Une présence ajustée après des renforts

La mission, connue sous l’acronyme KFOR, comptait jusqu’à présent près de 4 600 soldats issus de plusieurs pays membres de l’Otan. Ces troupes avaient été renforcées à la suite de tensions entre le Kosovo et la Serbie, en particulier après des affrontements survenus dans le nord du Kosovo au printemps 2023. Le contingent avait alors été augmenté pour prévenir une escalade.

La réduction annoncée intervient dans un contexte de relative accalmie sécuritaire, même si la région reste sous surveillance. L’Otan n’a pas précisé le nombre exact de militaires qui seront rapatriés ni le calendrier précis de ce redéploiement, mais a indiqué que l’ajustement se ferait de manière progressive et en fonction de l’évolution de la situation sur le terrain.

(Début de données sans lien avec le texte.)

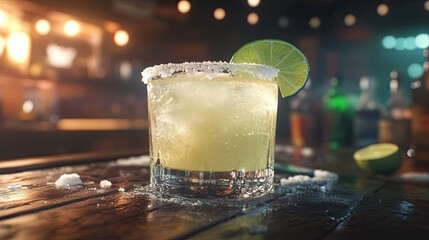 A refreshing margarita cocktail garnished with a lime wedge, sits on a rustic wooden bar top. The dimly lit bar creates a cozy and inviting atmosphere.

Une mission historique sous mandat onusien

La KFOR a été déployée en 1999 à la suite de la guerre du Kosovo, sous l’égide des Nations unies. Sa mission initiale était de garantir la sécurité, la liberté de circulation et la protection des minorités. Si son format a été réduit à plusieurs reprises au fil des années, l’Alliance a toujours maintenu une présence suffisante pour réagir à d’éventuels incidents.

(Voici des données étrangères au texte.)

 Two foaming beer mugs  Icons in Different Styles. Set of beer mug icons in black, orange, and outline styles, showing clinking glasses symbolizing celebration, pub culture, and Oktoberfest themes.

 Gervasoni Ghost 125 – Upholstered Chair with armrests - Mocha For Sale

La décision de réduire les effectifs s’inscrit dans une évaluation régulière des besoins opérationnels. Les responsables de l’Otan ont souligné que l’Alliance conserve la capacité de renforcer rapidement la mission si les circonstances l’exigeaient.

Un contexte régional toujours sensible

L’indépendance du Kosovo, proclamée en 2008, n’est toujours pas reconnue par la Serbie ni par plusieurs États membres de l’Otan. Les relations entre Pristina et Belgrade restent tendues, notamment dans les municipalités à majorité serbe du nord du Kosovo. L’Union européenne mène depuis plusieurs années un dialogue de normalisation entre les deux parties, mais les progrès sont lents.

La décision de l’Otan de réduire sa présence militaire a été accueillie avec prudence par certains observateurs. Le gouvernement kosovar a salué ce geste comme un signe de stabilisation, tandis que les autorités serbes ont appelé à ne pas relâcher la vigilance. Aucune réaction officielle n’a été rapportée de la part des représentants de la minorité serbe du Kosovo.

Des engagements maintenus

L’Otan a réaffirmé son engagement à soutenir la stabilité de l’ensemble des Balkans occidentaux. La KFOR continue de coopérer avec les forces de sécurité kosovares et la mission de l’Union européenne au Kosovo (Eulex). Tout changement dans la composition de la force ne remet pas en cause le mandat global de l’Alliance dans la région.

Des sources proches du commandement de l’Otan à Naples, qui supervise les opérations dans les Balkans, indiquent que la réduction des effectifs pourrait être suivie d’autres ajustements en fonction de la situation sécuritaire dans les mois à venir.